Em outro site, encontramos um artigo sobre os seus 70 anos, comemorados no ano passado. O autor diz que a cantora não abandonou a música “totalmente”, ainda que não dê qualquer informação de novo álbum ou noticie shows recentes. Há apenas a informação de que, nos últimos anos, ela estaria se dedicando à pintura e a reprise da história de sua dedicação aos animais. E só. De resto, o velho papo sobre sua mudança para os EUA nos anos 1960 e a divulgação da bossa nova pelo mundo.
Nas imagens do Google, quase não há foto de Astrud envelhecida. A maioria se refere à cantora nos anos 1960 e 1970, muitas vezes com um penteado bolo de noiva, que parece adequado a artistas que se cristalizaram como ídolos da lounge music – a tal “música de elevador”. A musa cool da bossa nova não pode mesmo envelhecer.

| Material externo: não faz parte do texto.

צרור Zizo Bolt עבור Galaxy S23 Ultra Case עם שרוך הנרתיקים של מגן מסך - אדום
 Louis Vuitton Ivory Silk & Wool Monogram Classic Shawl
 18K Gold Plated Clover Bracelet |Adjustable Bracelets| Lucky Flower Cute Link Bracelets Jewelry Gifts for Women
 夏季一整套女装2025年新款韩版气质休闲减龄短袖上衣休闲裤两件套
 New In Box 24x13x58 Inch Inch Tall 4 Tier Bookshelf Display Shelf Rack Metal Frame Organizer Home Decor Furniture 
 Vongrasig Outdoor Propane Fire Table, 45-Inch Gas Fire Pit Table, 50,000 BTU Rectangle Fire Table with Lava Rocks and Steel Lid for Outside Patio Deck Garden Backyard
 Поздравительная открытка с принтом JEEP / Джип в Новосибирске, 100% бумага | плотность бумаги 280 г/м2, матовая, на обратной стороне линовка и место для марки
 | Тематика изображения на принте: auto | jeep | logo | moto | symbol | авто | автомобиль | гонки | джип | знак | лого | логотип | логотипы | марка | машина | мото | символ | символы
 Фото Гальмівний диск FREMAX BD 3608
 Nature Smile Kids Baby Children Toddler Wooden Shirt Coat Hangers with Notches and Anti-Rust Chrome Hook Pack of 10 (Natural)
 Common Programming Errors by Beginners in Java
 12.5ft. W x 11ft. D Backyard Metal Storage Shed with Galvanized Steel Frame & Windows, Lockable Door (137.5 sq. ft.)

Seu último álbum, Jungle, foi lançado há 10 anos e é um trabalho estranho, para dizermos o mínimo. A começar pela capa, com cores e tipografia de péssimo gosto, que mostra Astrud como uma ultramaquiada hippie, que parece não saber direito em que ano está. Mas por que usar a imagem de uma selva (jungle), se pensamos nela como uma eterna visão à beira-mar? O álbum tenta “modernizar” seu som, com um resultado equivocado. A maioria das canções é inédita, quando o melhor do seu repertório consistia num delicado rosário de regravações de standards.
Há algo de interdito em Jungle e que não conseguimos localizar ao certo, como se essa Astrud não fosse mais “aquela” Astrud. Talvez inalcançável para si mesma, ela tenha resolvido se tornar dessa forma para o resto do mundo. Explicação plausível, ainda que não inteiramente satisfatória.
Após a pesquisa “internética”, chegamos à conclusão de que Astrud, assim como João, não existe. Ambos são personagens de um outro tempo, de um reflexo que o Brasil teve de si mesmo, e pronto. A face ficou perdida naquele espelho para sempre.
Astrud e João são “fantasmas” (ou mesmo “vampiros”, como Fischer chega a chamar o seu ídolo no livro), com raras permissões para fazer contato com o “mundo dos vivos”. Tão fantasmagóricos quanto a frustração amorosa que fez o jornalista alemão acreditar que a cura para um coração em frangalhos estaria em algum lugar da letra de Ho-ba-la-lá.
SCHNEIDER CARPEGGIANI, jornalista, editor do suplemento Pernambuco e doutorando em Literatura.